Après les barons du chemin de fer, du pétrole et de la banque au XIXe et XXe siècles, la crypto-oligarchie espère son heure venue au XXIe siècle avec l’arrivée de Donald Trump au pouvoir. Elle compte de nombreux soutiens, dans la nouvelle administration en formation. Au Commerce, Howard Lutnick sera le monsieur « guerre commerciale », chargé des droits de douane. « A la ville », il est encore le dirigeant du courtier Cantor Fitzgerald, le « banquier » de l’une des principales et des plus controversées firmes des cryptos, Tether (USDT). Il conserve les actifs de cette dernière, émis en garantie de ses cryptos stables (stablecoins). Il s’agit notamment d’un portefeuille de dette d’Etat américaine de 102,5 milliards de dollars (à fin septembre), essentiellement à court terme (moins de 90 jours). Cantor réalise aussi toute une série d’opérations et de services (financement, conseil…) pour le compte de son client.

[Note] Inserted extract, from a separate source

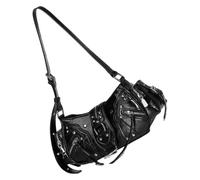 Sac à main en cuir synthétique à rivets pour femmes Sac à main de soirée pour femme Sac à main de lecture de mode Organisation simple et durabilité Style moto rétro, Noir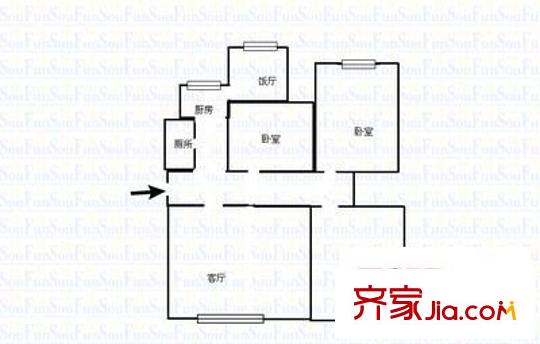 大理小區(qū) 3室 戶型圖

Giancarlo Devasini, le propriétaire de Tether, un ancien chirurgien plastique qui évite prudemment de se rendre aux Etats-Unis, se serait félicité qu’Howard Lutnick puisse mettre ses relations politiques au service de la défense des intérêts de Tether, selon le « Wall Street Journal ». Avec désormais un tel soutien dans une Maison-Blanche bientôt ouverte aux quatre vents de la dérégulation des cryptos, le géant Tether peut espérer être à l’abri des poursuites.
Outre une relation commerciale, une union capitalistique rapproche les deux sociétés. Cantor va acquérir 5 % du capital de Tether, selon un accord noué l’année dernière, d’après le quotidien américain. Il valorisait Tether autour de 12 milliards de dollars. Le groupe, aux effectifs modestes (200 personnes) et adepte des paradis fiscaux (Bahamas), est un des plus rentables du secteur des cryptos. Il a gagné 7,7 milliards de dollars sur les neuf premiers mois de l’année, soit 1,2 million de dollars par heure. Ses principaux clients sont les grandes firmes de trading et les fonds cryptos.

Conflits d’intérêts
Depuis l’élection de Donald Trump, la capitalisation de Tether (USDT) a gagné 10 % à 132 milliards de dollars, l’envolée des cours attirant de nouveaux investisseurs et traders. Ils convertissent leurs dollars en crypto stables, pour obtenir des liquidités, afin de spéculer. Mais l’administration démocrate pourrait mettre un terme provisoire à cette « crypto euphorie ». Si le département de la Justice décidait, avant la passation de pouvoir au camp républicain, d’inculper le géant Tether leader des cryptos stables (ou stablecoins), le marché pourrait connaître de violentes secousses.

Si sa candidature est adoubée par le Sénat, Howard Lutnick devra, pour éviter des conflits d’intérêts trop évidents, démissionner de Cantor. Il transmettra peut-être le flambeau à son fils Brandon qui connaît bien Tether pour avoir été stagiaire dans sa filiale suisse. Comme de nombreux membres du gouvernement Trump (Robert Kennedy, Elon Musk, J. D. Vance…), Howard Lutnick détient personnellement des bitcoins, un investissement qu’il devrait pouvoir conserver à son poste. Il n’a pas précisé quelle part de sa fortune totale (2 milliards de dollars) est investie sur la leader des cryptos. « Je suis un fan des cryptomonnaies, mais permettez-moi d’être très précis : le bitcoin, juste le bitcoin. Les autres ne ressemblent à rien », avait-il souligné à CNBC fin 2023.